Once you have your data sorted and you have a use case or problem that you want to build, you then have enough resources to start building the technology. You don’t need a cofounder and shouldn’t spend time looking for one. I believe your time is better spent looking for someone you can hire to reach each milestone. That is freelancers and contractors as needed. Use your advisors as your CTO or tech lead to help direct your product roadmap.

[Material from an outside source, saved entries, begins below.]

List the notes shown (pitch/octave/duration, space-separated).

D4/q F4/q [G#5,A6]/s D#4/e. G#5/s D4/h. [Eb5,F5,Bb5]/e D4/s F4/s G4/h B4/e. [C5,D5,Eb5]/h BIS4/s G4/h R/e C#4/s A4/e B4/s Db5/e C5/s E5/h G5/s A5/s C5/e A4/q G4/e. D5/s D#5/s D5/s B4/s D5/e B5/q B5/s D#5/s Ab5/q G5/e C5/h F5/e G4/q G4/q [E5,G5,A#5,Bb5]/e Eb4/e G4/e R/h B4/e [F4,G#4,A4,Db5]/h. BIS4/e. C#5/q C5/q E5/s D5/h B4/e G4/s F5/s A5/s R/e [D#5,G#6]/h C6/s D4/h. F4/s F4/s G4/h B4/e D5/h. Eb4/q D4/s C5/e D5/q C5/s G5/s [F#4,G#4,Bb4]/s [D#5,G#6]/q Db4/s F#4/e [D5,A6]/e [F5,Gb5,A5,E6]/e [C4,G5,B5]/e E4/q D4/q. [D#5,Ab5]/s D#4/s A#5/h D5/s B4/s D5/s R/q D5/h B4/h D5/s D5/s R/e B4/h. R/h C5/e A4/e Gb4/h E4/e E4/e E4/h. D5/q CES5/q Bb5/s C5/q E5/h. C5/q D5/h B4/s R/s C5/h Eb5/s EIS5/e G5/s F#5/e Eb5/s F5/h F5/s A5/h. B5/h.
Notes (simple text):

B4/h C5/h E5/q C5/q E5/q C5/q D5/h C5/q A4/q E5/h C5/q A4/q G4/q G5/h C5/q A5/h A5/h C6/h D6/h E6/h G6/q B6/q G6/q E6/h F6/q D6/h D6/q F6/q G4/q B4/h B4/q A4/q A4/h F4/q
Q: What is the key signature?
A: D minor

You can find these people on freelance sites, through your network or visiting groups where people with AI want to learn and improve their skills. You aim to start building a basic model to see how the machine performs and learns well. You won’t get the best model on the first try. You may discover that you may need to collect more data or that you need to try different algorithms and techniques to generate better results. As I said, you are going through a trial and error process when building an AI product and tool. Don’t overly invest too soon.

Just get started

Building an AI company is about getting started, building new experiences, and learning new lessons. Don’t worry about not having all your resources upfront. You can always start with one of the five focuses I’ve shared here.

If you are thinking about starting an AI business, get serious and commit to building it today. None of the points that I’ve shared requires you to have a technical background. It is the foundation for building any business.